23.11.11

La Nouvelle mère

Rien de plus joli, rien de plus touchant que l'embarras d'une jeune mère, toute neuve à la maternité, pour manier son enfant, l'amuser, le faire jouer, entrer en communication avec lui. Elle ne sait pas trop bien par où prendre le bijou, l'être adoré, mystérieux, la vivante énigme, qui gît là et semble attendre qu'on le remue, qu'on devine ses désirs, ses volontés. Elle l'admire, elle tourne autour, elle tremble de le toucher trop fort. Elle le fait prendre par sa mère. Son admirable gaucherie fait sourire le témoin discret qui les observe en silence, et se dit que la jeune dame, pour avoir eu un enfant, n'est pas moins une demoiselle. Les vierges sont maladroites ; la grâce et la facilité n'arrivent guère qu'à celle qui est vraiment la femme, déjà assouplie par l'amour.
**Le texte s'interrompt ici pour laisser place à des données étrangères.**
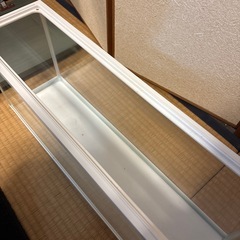 お話中　
６０㎝スリム水槽の画像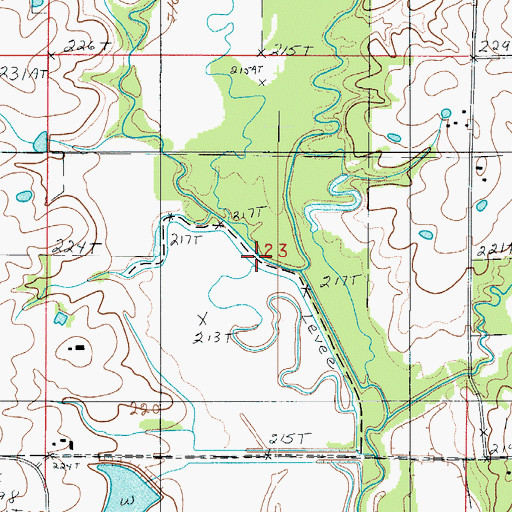 Topographic Map of Coon Creek, MO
Eh bien, madame, puisque enfin vous êtes madame, déjà, y a-t-il donc tant d'années que vous n'êtes plus petite fille ? A quinze ans, s'il m'en souvient, sous prétexte d'essayer des modes, vous jouiez encore aux poupées. Même, quand vouz étiez bien seule (convenez-en), il vous arrivait de les baiser, de les bercer. La voici, la poupée vivante, qui ne demande qu'à jouer... Eh ! jouez donc, pauvre petite ! on ne vous regardera pas.